■ **EXERCISE**
Write out every line below again exactly as it stands, skipping each image.

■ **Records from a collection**
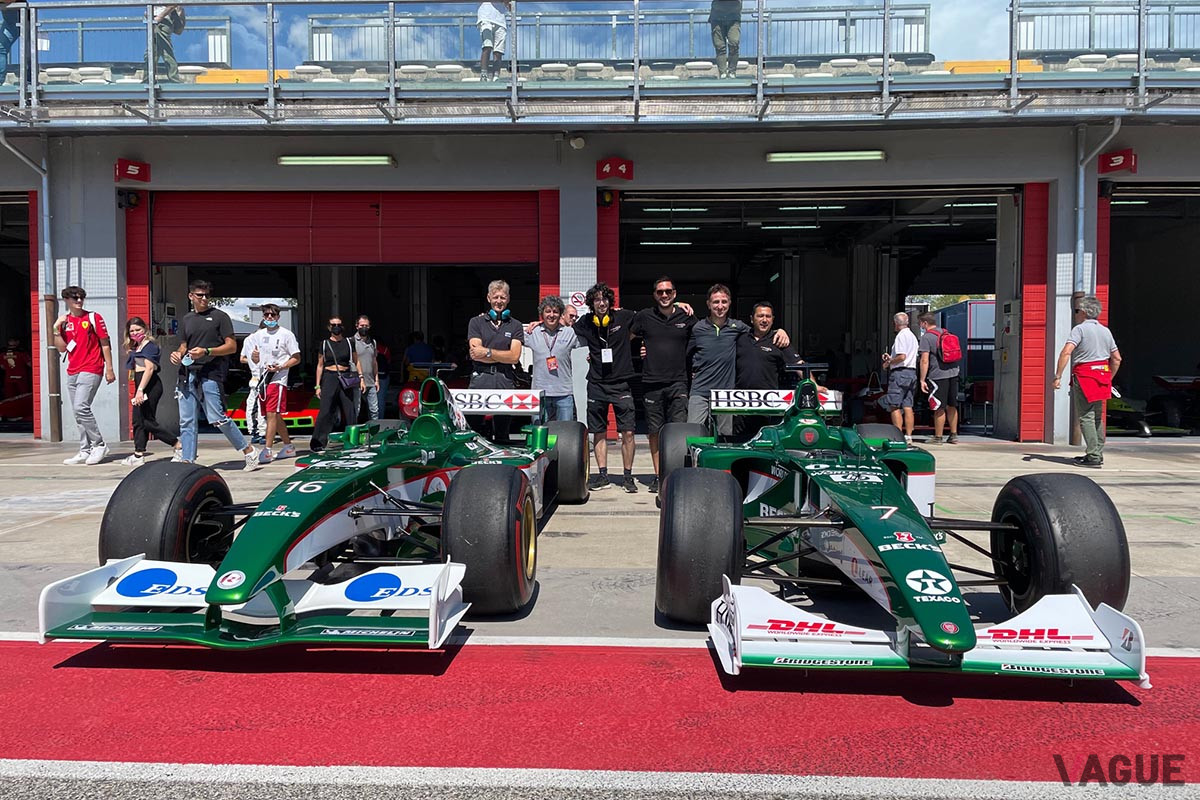 ジャガー「LA 7 R1」（写真左）、「LA 16 R3」（写真右）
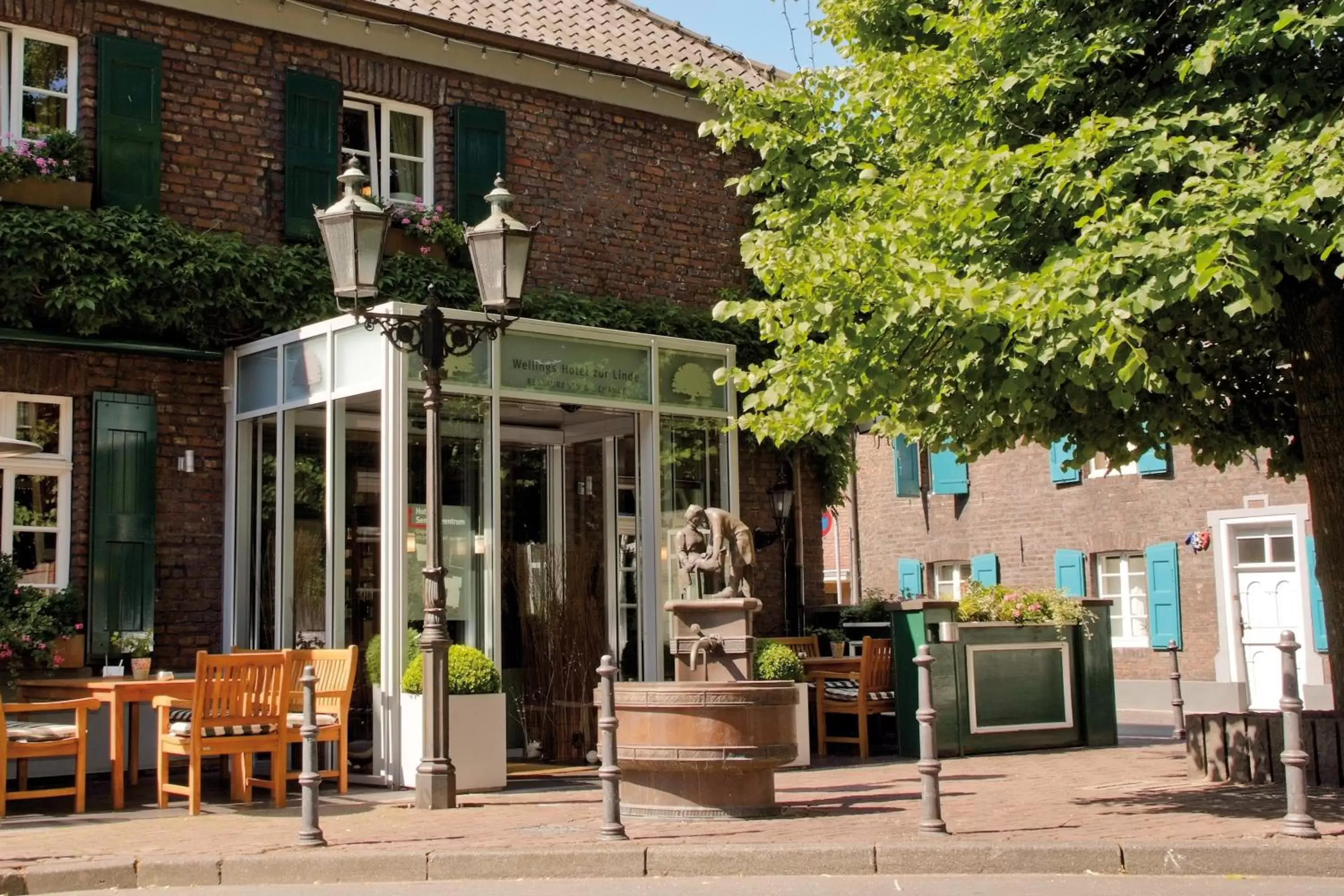 Facade/entrance, Property Building in Wellings Romantik Hotel zur Linde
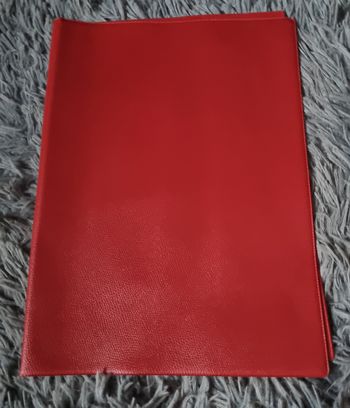Protège cahier rouge
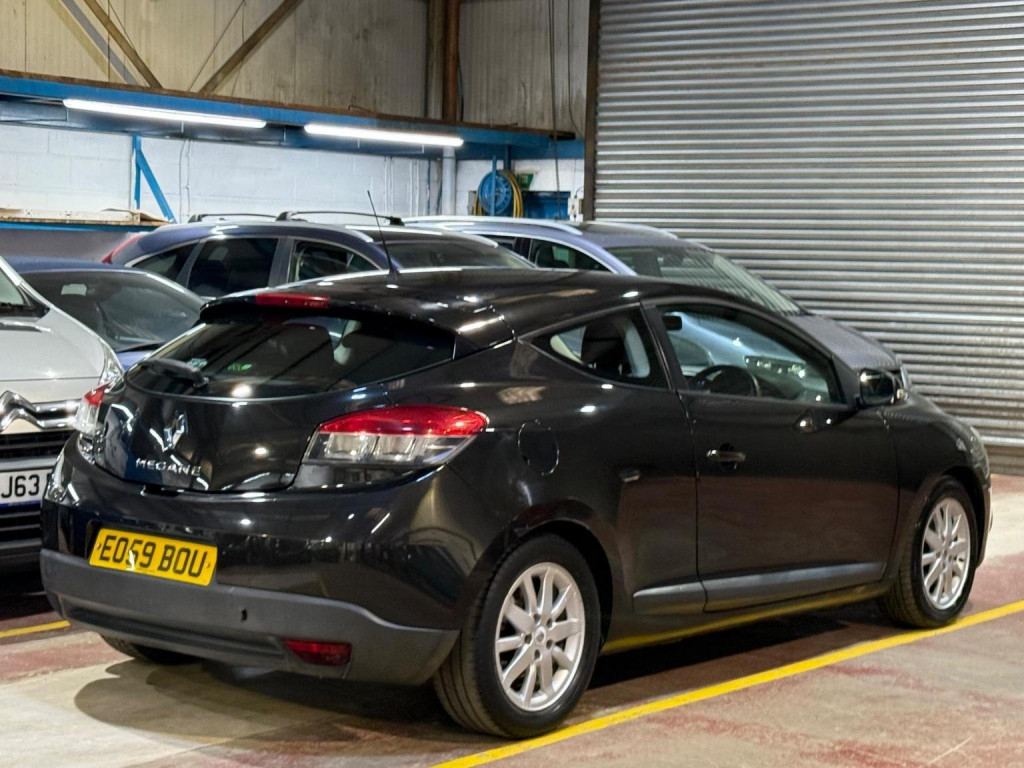 RENAULT MEGANE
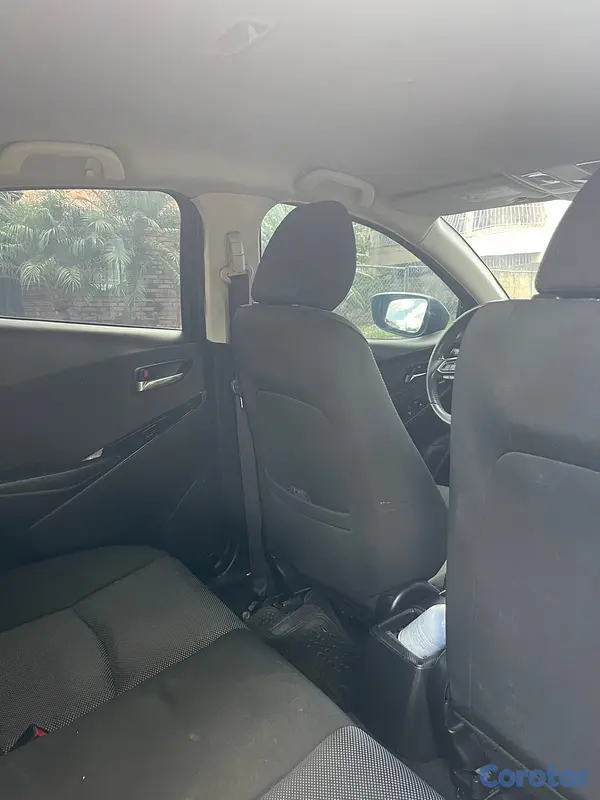 carros - Mazda Demio Turing 5
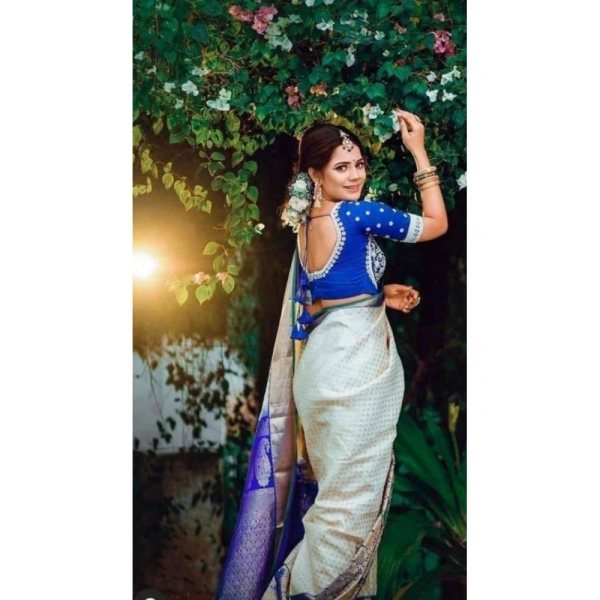 Shopnav Women's Litchi silk Printed Saree With Unstitched Blouse (Off White)
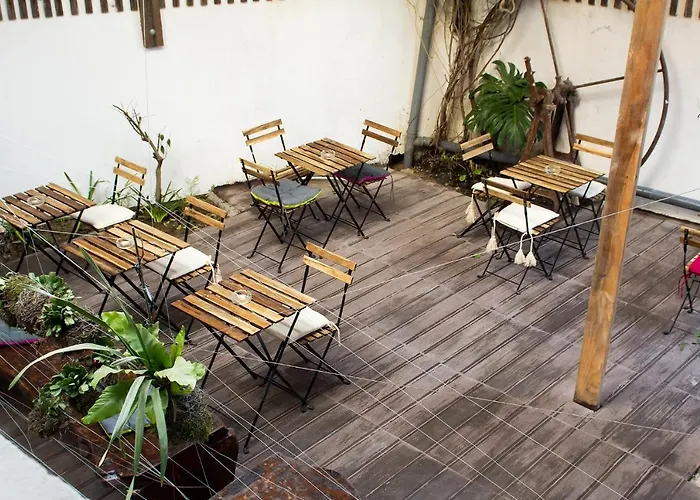 Feel At Bed & Breakfast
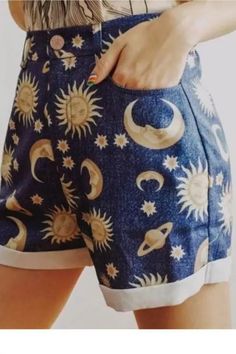 Women Fashion Starry Sky Pattern Mid Waist Shorts Cute Outfits With Shorts, Sky Pattern, Colorful Outfits, Short Women Fashion, Aesthetic Fits, School Clothes, Shorts Women, Print Shorts, Indie Fashion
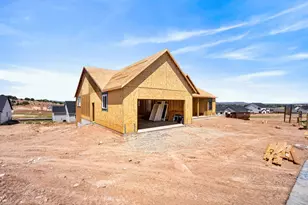 612 S Renze Adams St, Cedar City, UT 84720 - Photo 3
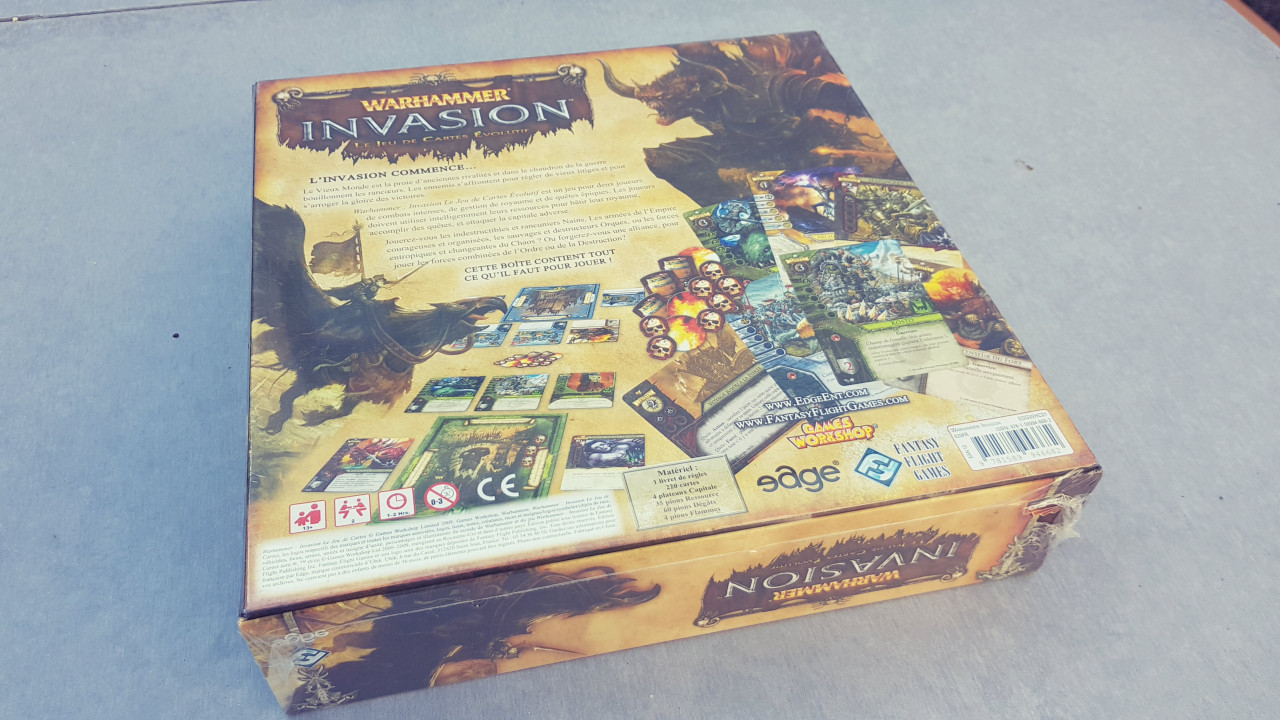 Image article Warhammer invasion jeu de carte évolutif
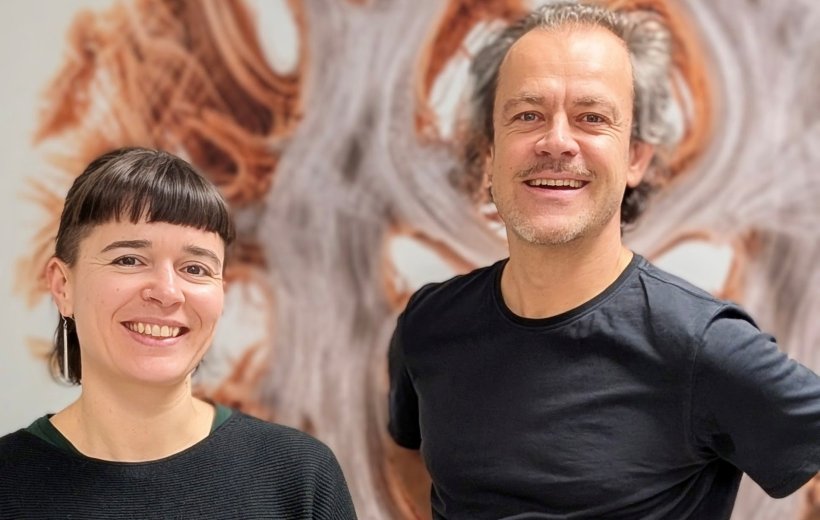 Dr. Samira Epp und Prof. Dr. Valentin Riedl stehen nebeneinander vor einer...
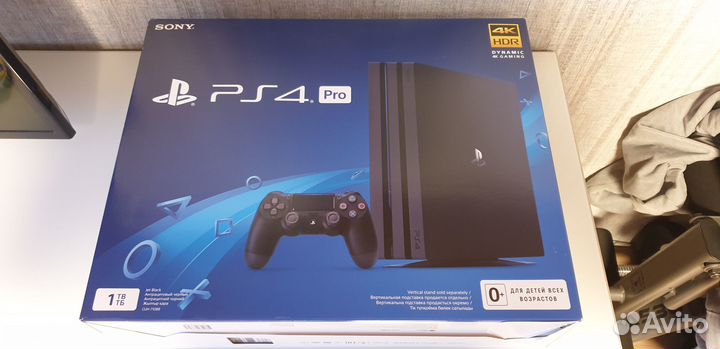 Sony PlayStation 4 Pro (PS4 Pro) 1TB CUH-7108B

■ **SOLVED EXERCISE**
 ジャガー「LA 7 R1」（写真左）、「LA 16 R3」（写真右）
 Facade/entrance, Property Building in Wellings Romantik Hotel zur Linde
Protège cahier rouge
 RENAULT MEGANE
 carros - Mazda Demio Turing 5
 Shopnav Women's Litchi silk Printed Saree With Unstitched Blouse (Off White)
 Feel At Bed & Breakfast
 Women Fashion Starry Sky Pattern Mid Waist Shorts Cute Outfits With Shorts, Sky Pattern, Colorful Outfits, Short Women Fashion, Aesthetic Fits, School Clothes, Shorts Women, Print Shorts, Indie Fashion
 612 S Renze Adams St, Cedar City, UT 84720 - Photo 3
 Image article Warhammer invasion jeu de carte évolutif
 Dr. Samira Epp und Prof. Dr. Valentin Riedl stehen nebeneinander vor einer...
 Sony PlayStation 4 Pro (PS4 Pro) 1TB CUH-7108B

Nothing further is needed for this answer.